As I was making my way back up Concourse B from Gate 14 at 9:30 PM from my Oakland to Phoenix to Atlanta to Charlotte flights (as US Air cancelled my flight from Phoenix to Charlotte in mid-air from Oakland), I had to dodge (which is typical anywhere you walk these days where there are masses of people) about a dozen or more zombie/morons looking down at their "smartphone technology".

One of these "technology zombies" stepped right in my path, totally oblivious to the fact I was within a cat's hair of bowling him over. I stopped and just as he was about to step right into me, he looked up, his eyes got really big as if he had come face to face with Godzilla. If I had continued walking in my path, I would have flattened this guy right on his rear.

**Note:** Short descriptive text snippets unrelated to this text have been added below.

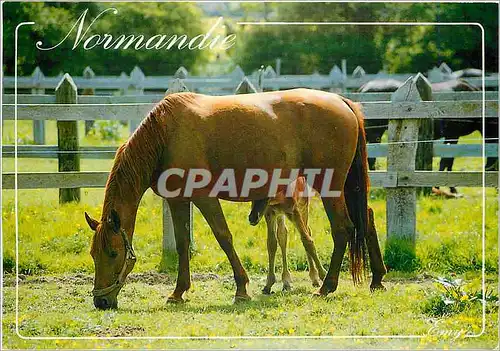 Moderne Karte Reflets de Normandie Chevaux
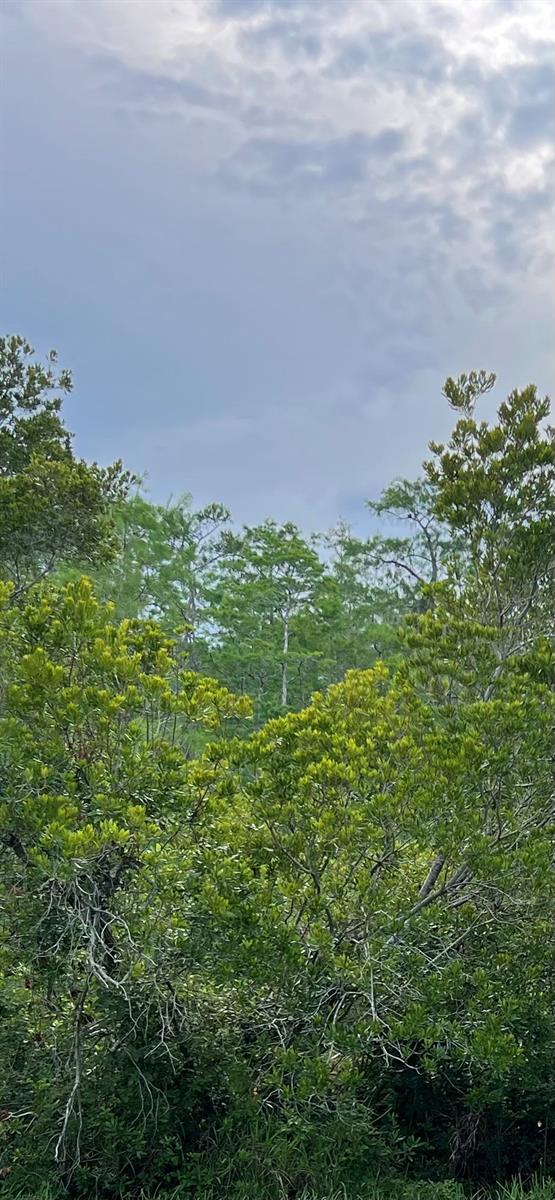 1st image of Malauka Loop, Ocklawaha, FL 32179 | MLS# S5154552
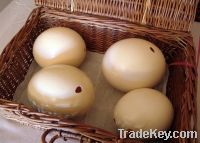 Sell Empty Ostrich Eggs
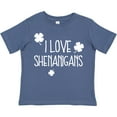 thumbnail image 3 of Inktastic I Love Shenanigans Boys or Girls Toddler T-Shirt, 3 of 5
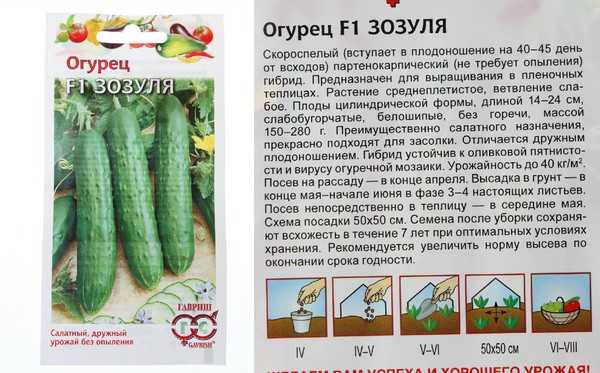 Огурцы зозуля: описание сорта, выращивание, фото, отзывы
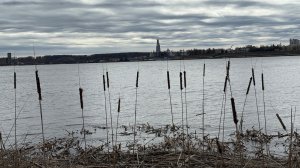 Влог с 7 по 18 апреля 26 года. Вяжу платье, носочки. Немного обо всем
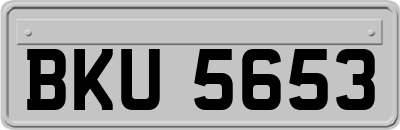 BKU5653
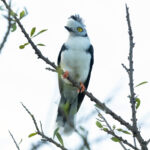Grey-crested Helmetshrike (image by Nik Borrow)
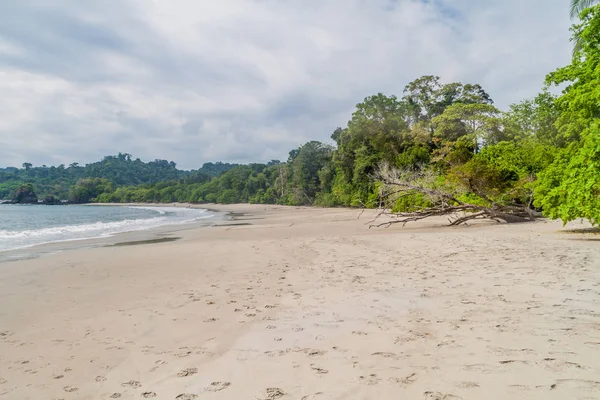Beach içinde Milli Parkı Manuel Antonio, Kosta Rika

I stood there staring at him as he sheepishly moved around me. He got the message and I didn't even have to speak or send him a text message.

Technology is a great thing. I love technology. I took electronics in high school and electrical engineering in college but there is a time and place for technology whether it's new or not.

This article acts as if technology is somehow going to revolutionize student learning, which it will not. Enhance it? Absolutely, but again, the right technology has to be married up to whatever situation is at hand. So my comment about the reel to reel movies was yesterday's technology as opposed to flat screens and digital curriculum.

A student still has to learn the basics, whether a teacher uses an iPad or some dusty old AV projector.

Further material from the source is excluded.